Le Syndicat national des établissements et résidences privées s’est engagé à former 2 500 personnes en apprentissage et via la VAE d’ici 2022.

Par - Le 28 novembre 2019.

Fin octobre, au moment où Myriam El Khomri, ancienne ministre du Travail, de l’Emploi, de la Formation professionnelle, remettait à Agnès Buzyn, ministre des Solidarités et de la Santé, son rapport sur les métiers du grand âge et de l’autonomie (lire notre article), le Syndicat national des établissements et résidences privées (Synerpa) s’est engagé d’ici 2022, à former 2 500 personnes en contrat d’alternance et via la validation des acquis d’expérience (VAE) dont 1 500 dès l’année prochaine.

Accompagnements plus performants

Grâce à cette vague de recrutements, les professionnels du grand âge souhaitent ainsi faire découvrir ces métiers aux jeunes, qui ont tendance à s’en désintéresser. « D’ici à 2030, le secteur du grand âge devra recruter plus de 300 000 personnes tant pour les établissements que pour l’aide à domicile », explique Florence Arnaiz-Maumé, déléguée générale de cette confédération qui rassemble 2 650 adhérents dont 1 900 Ehpad.

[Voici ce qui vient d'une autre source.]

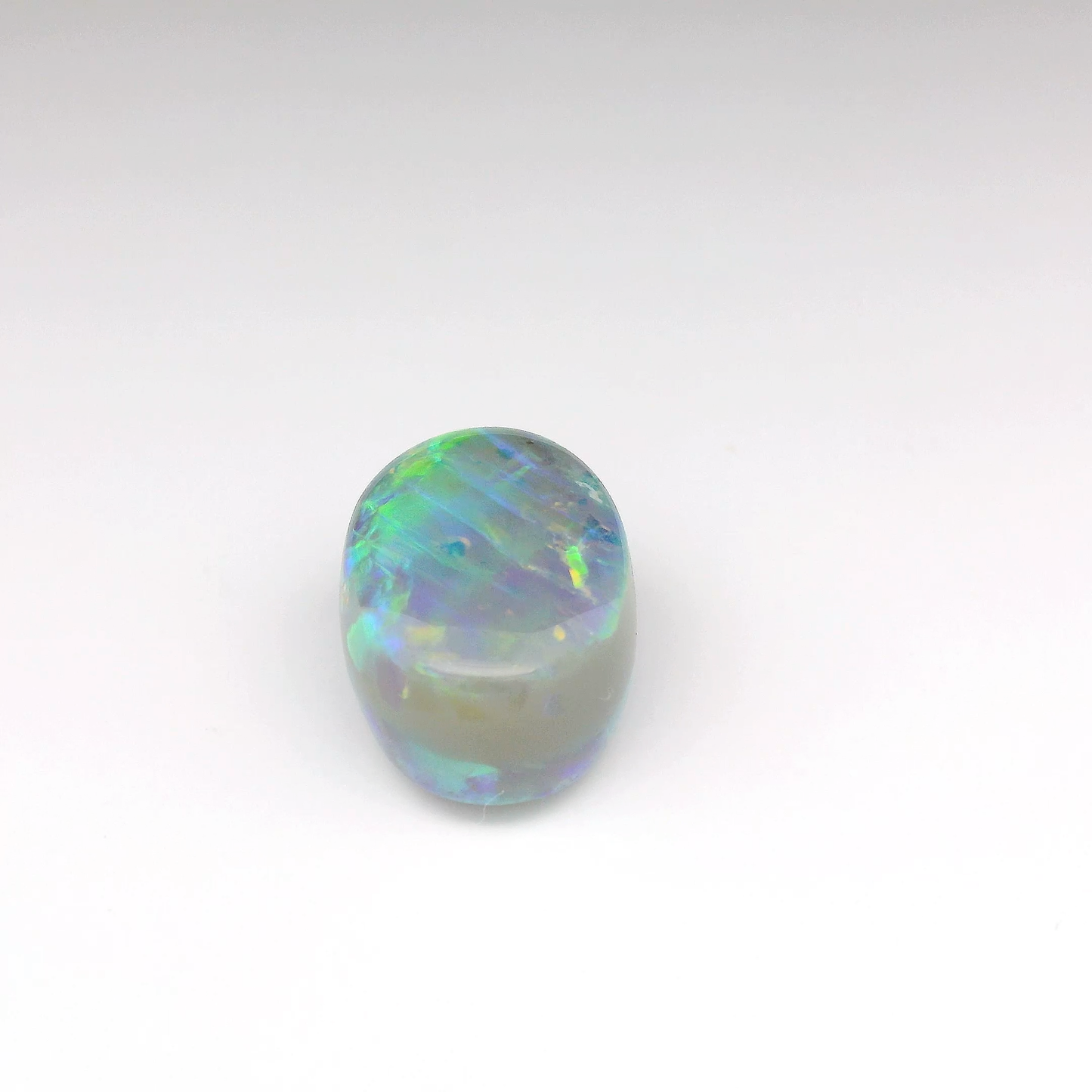 14.57ct Orange, Green Opal Gemstone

Afin de valider cette stratégie, le Synerpa a donc l’intention de signer une convention avec l’État pour développer l’apprentissage. « Grâce aux financements de la formation professionnelle la voie de l’apprentissage permet de proposer aujourd’hui des accompagnements plus performants qu’auparavant. Nous devons en tant qu’employeur, suivre cette voie et proposer aux jeunes générations d’intégrer nos métiers par l’alternance entre l’école et le terrain », assure Florence Arnaiz-Maumé qui reconnaît que l’apprentissage est très peu utilisé en Ehpad privé. À peine 700 apprentis sont ainsi à ce jour comptabilisés par le Synerpa. Idem dans les hôpitaux et établissements publics, où seuls 620 apprentis ont signé un contrat en 2017, soit à peine 4,5 % du nombre total de contrats conclus.

Freins levés

« Notre démarche en faveur de l’alternance via l’apprentissage et l’évolution des carrières par la VAE confirme l’importance que nos adhérents accordent à la formation professionnelle. Chaque année plus d’un salarié sur deux bénéficient d’une action de formation », pointe la déléguée générale qui précise que le Synerpa s’engage à transmettre chaque année à l’État une évaluation de ce dispositif. « Il est essentiel que les crédits de formation professionnelle soient redéployés vers le secteur du grand âge. Notre filière est porteuse en termes d’emplois. En 2018, nous avons recruté près de 12 000 salariés en contrat à durée indéterminée » précise Florence Arnaiz-Maumé qui se réjouit que plusieurs freins aient été levés récemment pour permettre le développement de l’apprentissage dans le secteur du médico-social.

Dans le privé tout d’abord, la loi Avenir professionnel (5 septembre 2018) permet aux entreprises de créer leurs propres centres de formation, les CFA d’entreprises. En théorie donc, rien n’empêche plus les groupes d’Ehpad privés d’en profiter pour former des apprentis. Ensuite, pour les hôpitaux et Ehpad publics, la loi de transformation de la fonction publique (6 août 2019) facilite le recrutement et développe les crédits à la formation d’apprentis, notamment pour les professions d’infirmiers, kinésithérapeutes et podologues.